Scraped caption text data
*** Block opens ***
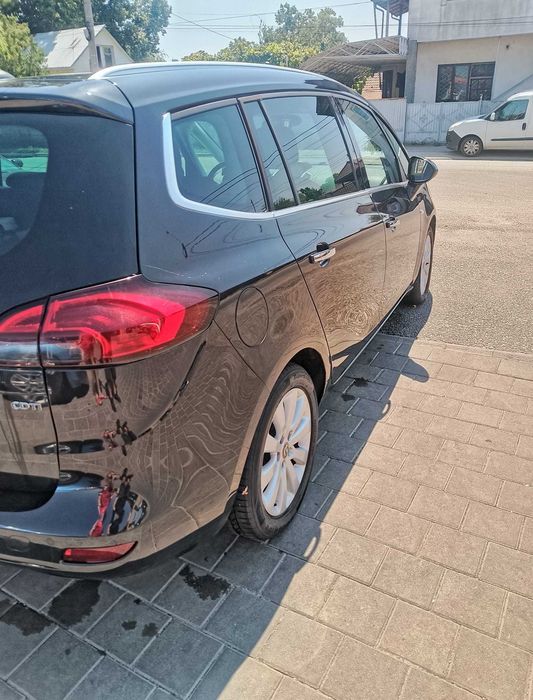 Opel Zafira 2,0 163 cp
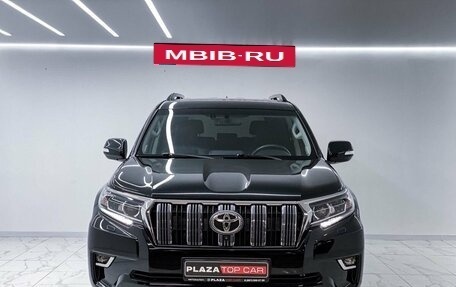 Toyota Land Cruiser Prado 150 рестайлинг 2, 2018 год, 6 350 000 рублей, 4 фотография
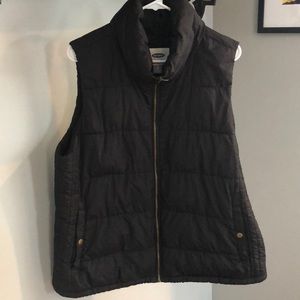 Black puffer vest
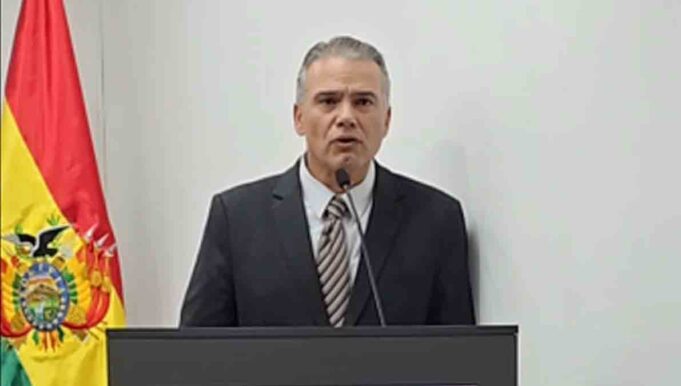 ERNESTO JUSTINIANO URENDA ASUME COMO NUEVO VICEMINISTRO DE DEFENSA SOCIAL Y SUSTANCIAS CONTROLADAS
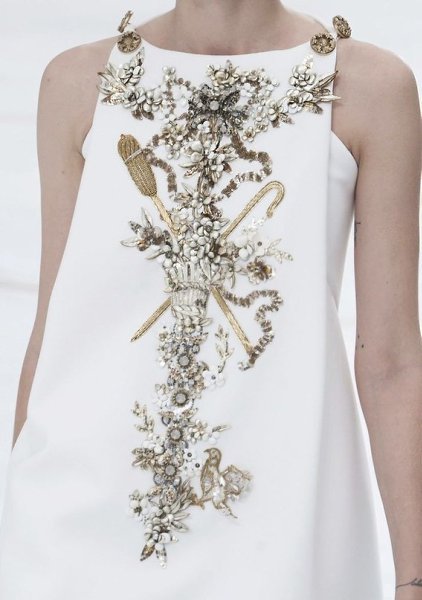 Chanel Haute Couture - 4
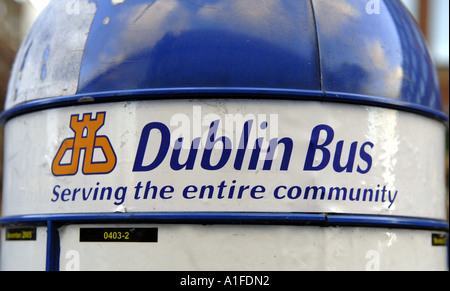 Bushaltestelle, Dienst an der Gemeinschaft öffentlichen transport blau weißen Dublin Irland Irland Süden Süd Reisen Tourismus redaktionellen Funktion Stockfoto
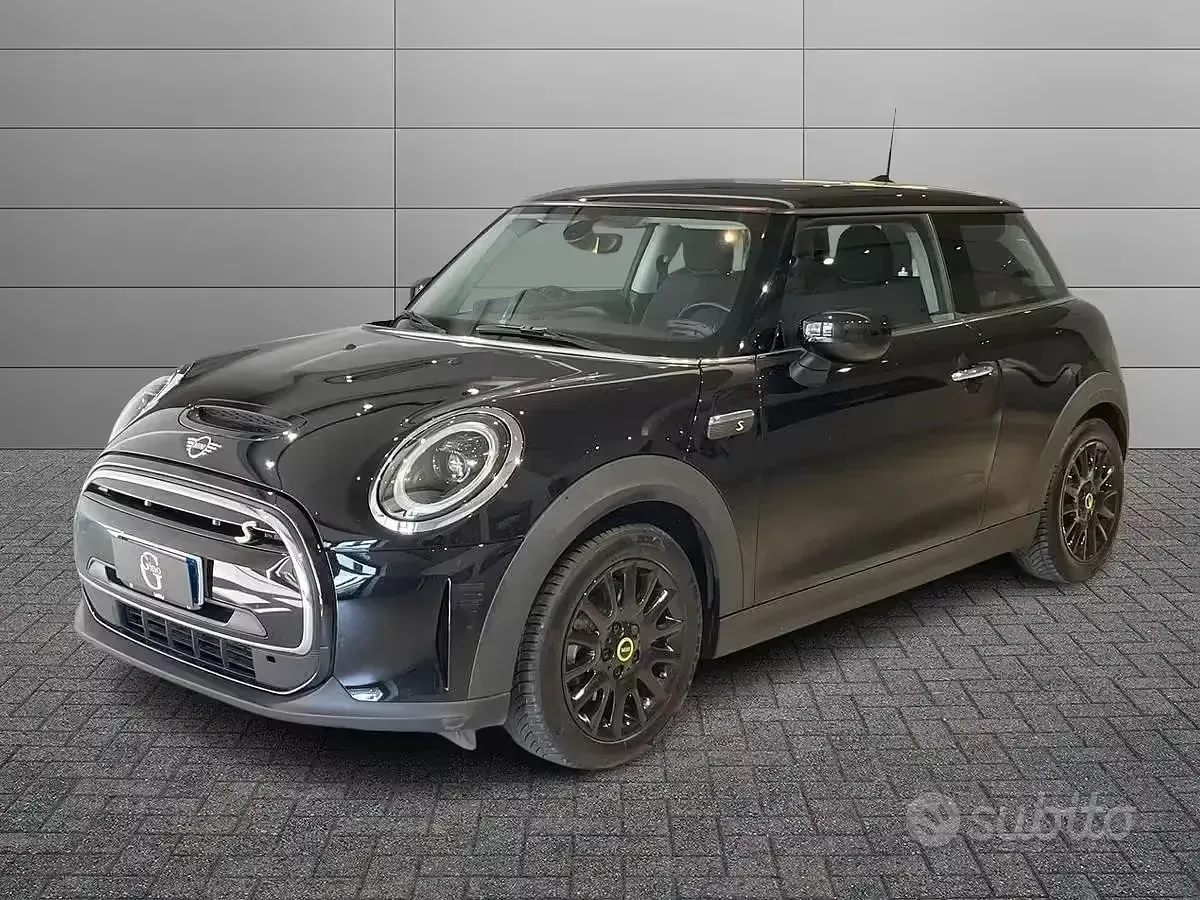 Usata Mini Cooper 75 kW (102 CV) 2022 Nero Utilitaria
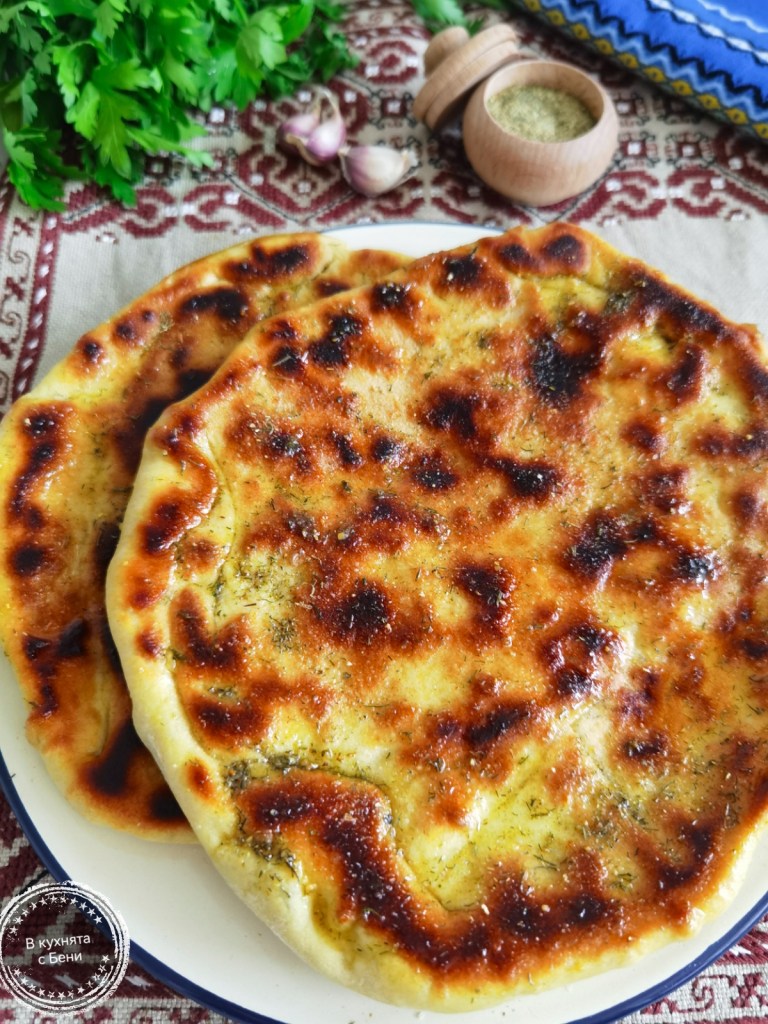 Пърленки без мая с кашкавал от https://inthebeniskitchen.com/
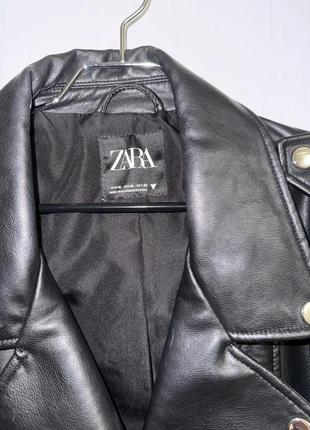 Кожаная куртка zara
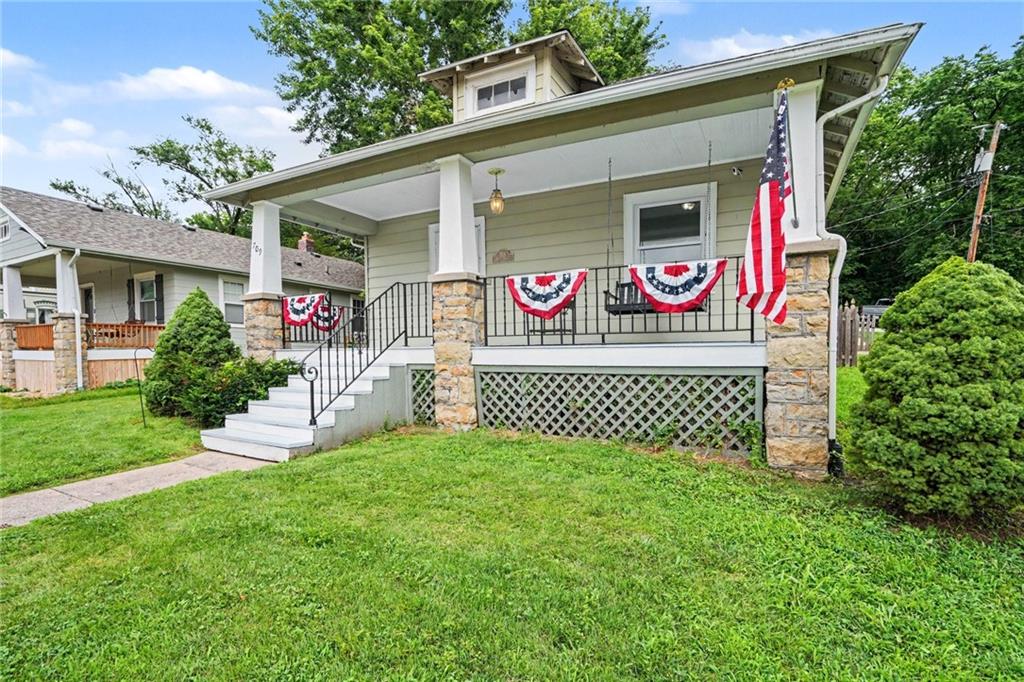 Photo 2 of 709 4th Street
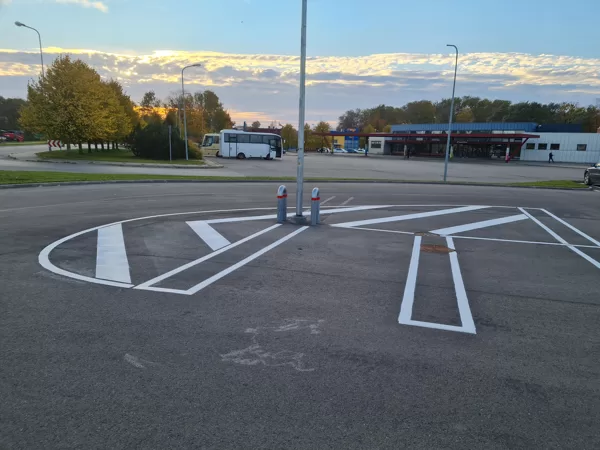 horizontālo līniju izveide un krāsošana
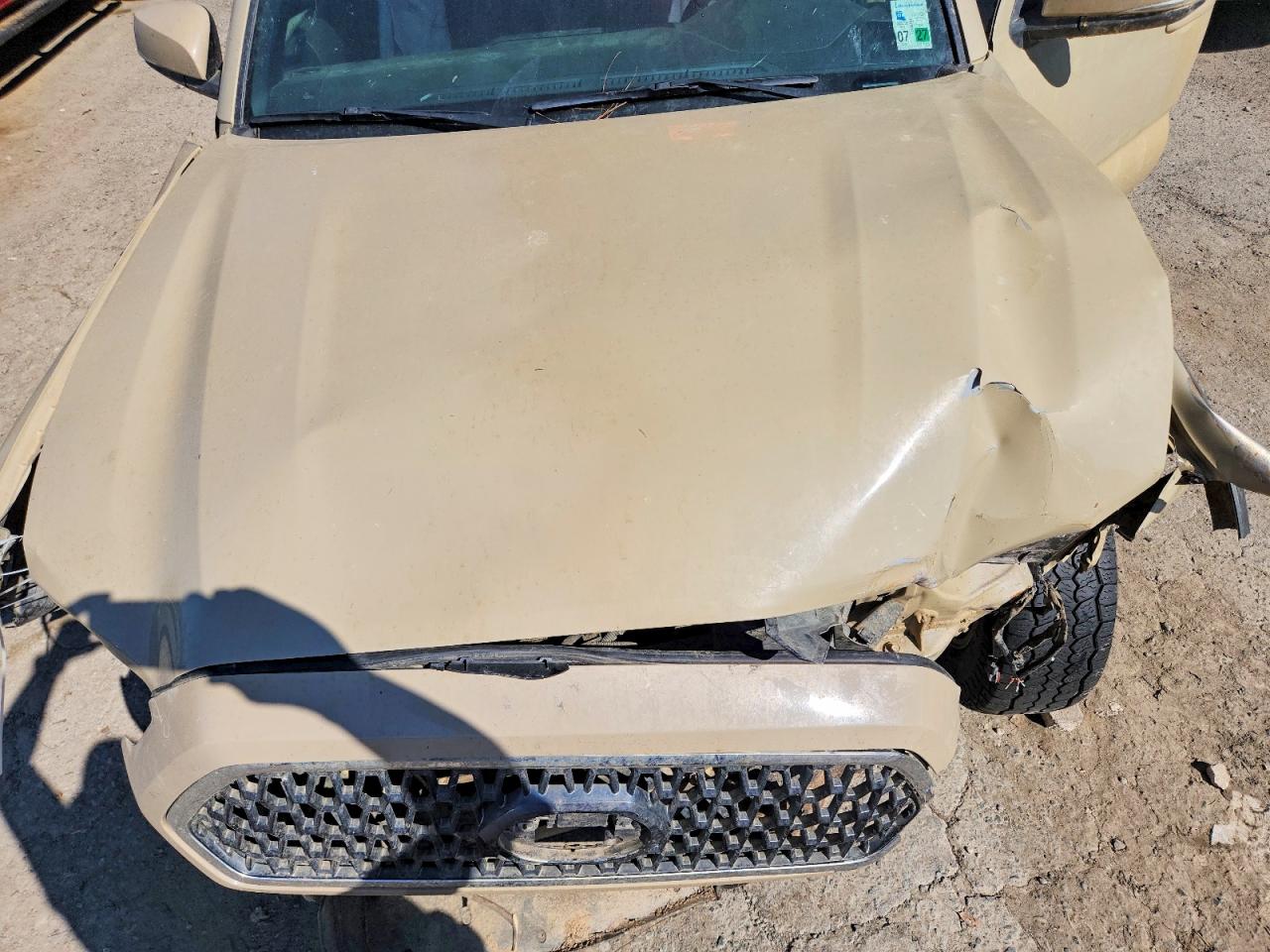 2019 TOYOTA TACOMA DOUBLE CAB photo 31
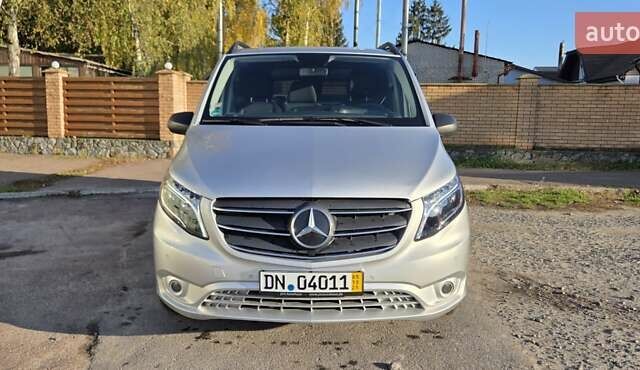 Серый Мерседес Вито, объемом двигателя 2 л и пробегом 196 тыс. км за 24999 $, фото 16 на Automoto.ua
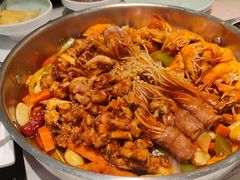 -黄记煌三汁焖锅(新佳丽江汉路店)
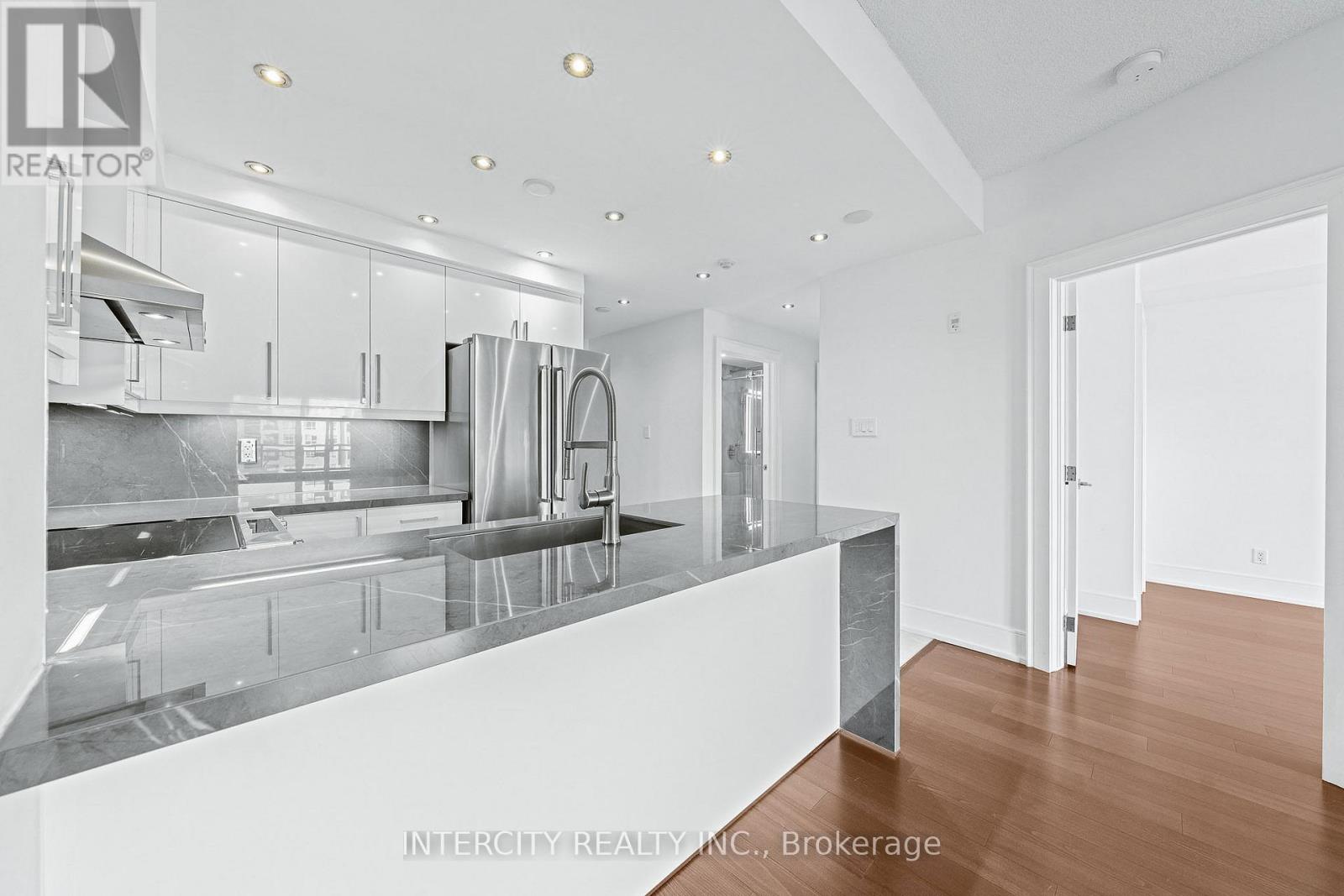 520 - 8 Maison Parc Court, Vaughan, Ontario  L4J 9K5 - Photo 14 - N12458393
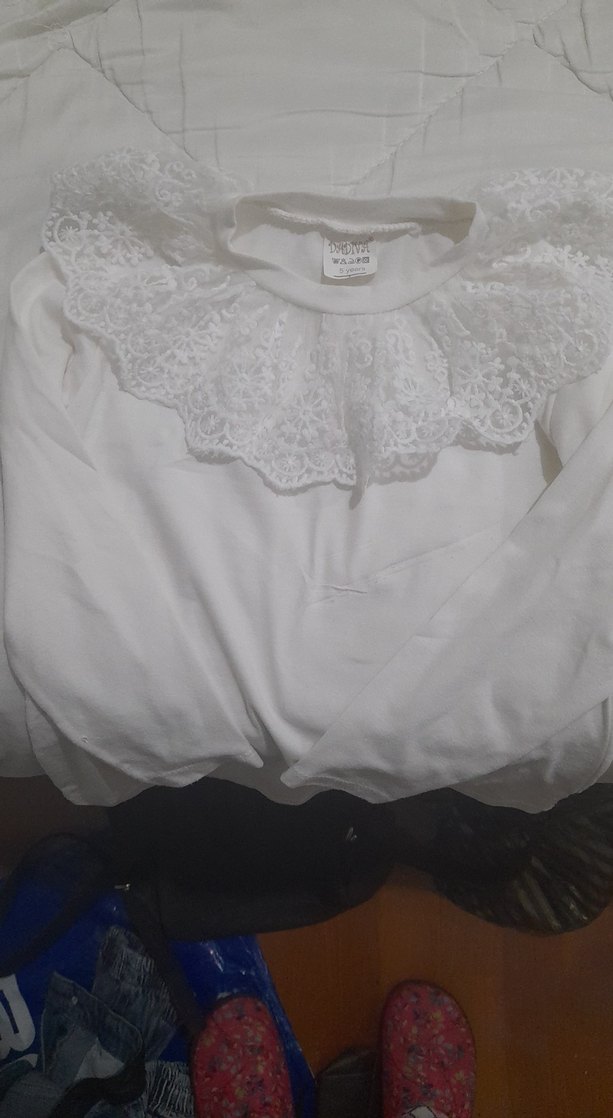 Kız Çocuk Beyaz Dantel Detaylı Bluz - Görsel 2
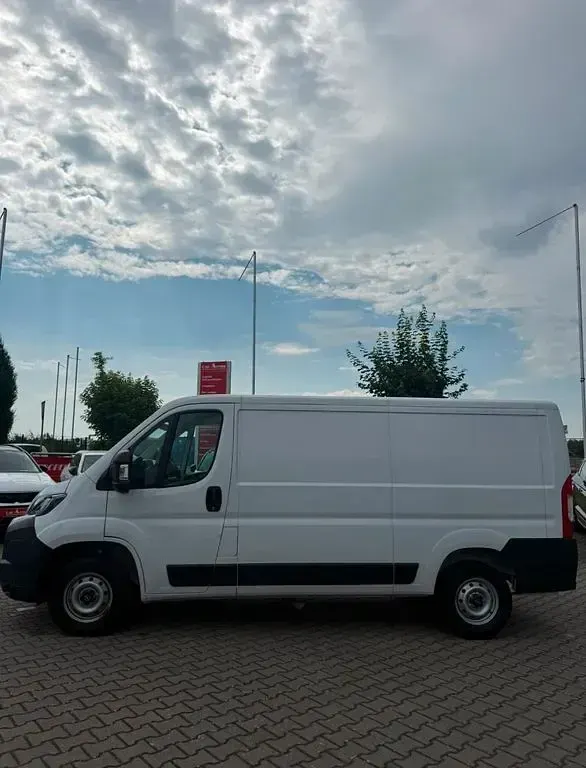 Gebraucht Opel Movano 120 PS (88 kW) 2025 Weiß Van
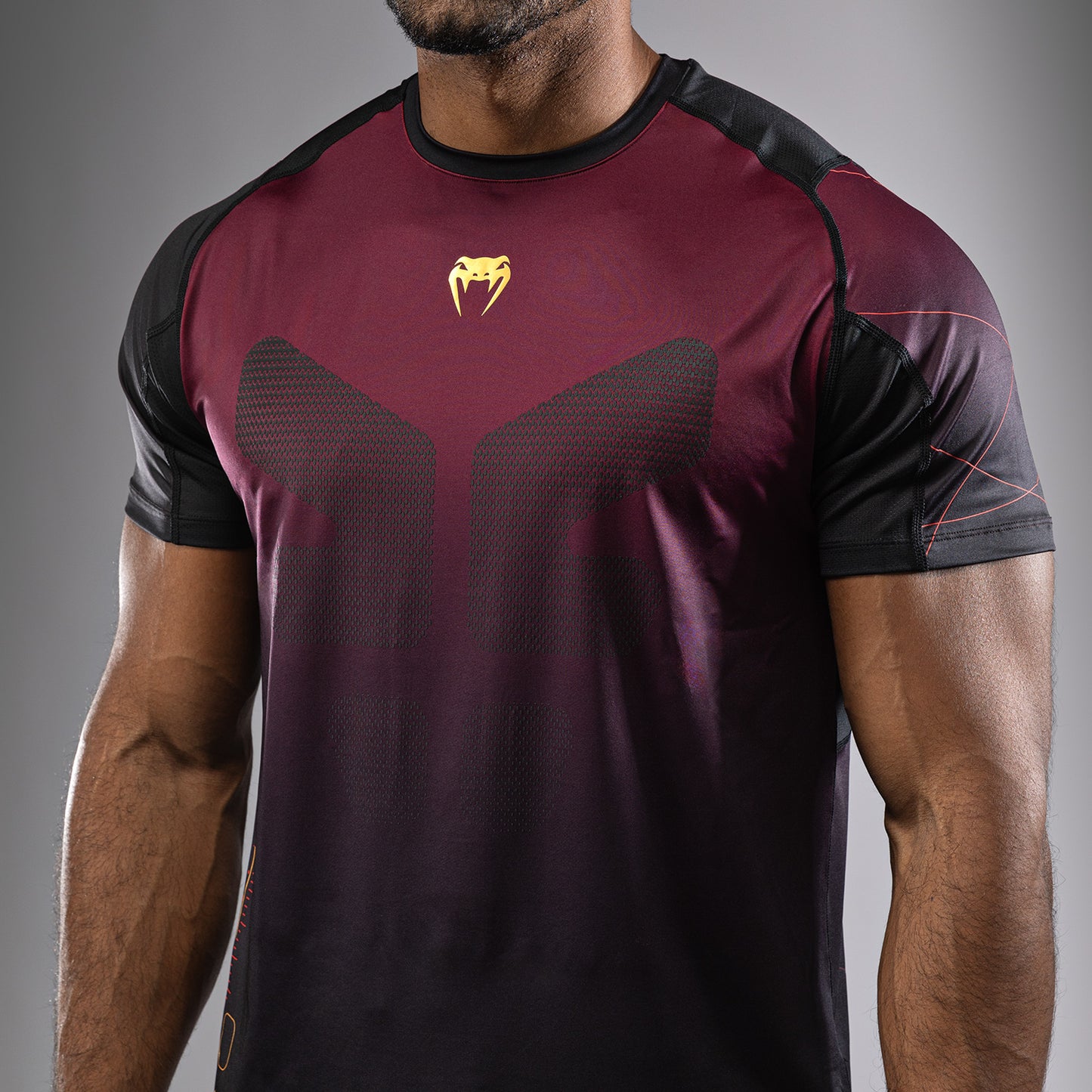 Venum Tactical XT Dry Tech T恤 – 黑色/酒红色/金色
*** Block closes ***
**Aim of the exercise:** Set down the records above exactly as written, beginning with the first line and ending with the line that contains "horizontālo līniju izveide un krāsošana", and do not include pictures.

**Problem solution:**
 Opel Zafira 2,0 163 cp
 Toyota Land Cruiser Prado 150 рестайлинг 2, 2018 год, 6 350 000 рублей, 4 фотография
 Black puffer vest
 ERNESTO JUSTINIANO URENDA ASUME COMO NUEVO VICEMINISTRO DE DEFENSA SOCIAL Y SUSTANCIAS CONTROLADAS
 Chanel Haute Couture - 4
 Bushaltestelle, Dienst an der Gemeinschaft öffentlichen transport blau weißen Dublin Irland Irland Süden Süd Reisen Tourismus redaktionellen Funktion Stockfoto
 Usata Mini Cooper 75 kW (102 CV) 2022 Nero Utilitaria
 Пърленки без мая с кашкавал от https://inthebeniskitchen.com/
 Кожаная куртка zara
 Photo 2 of 709 4th Street
 horizontālo līniju izveide un krāsošana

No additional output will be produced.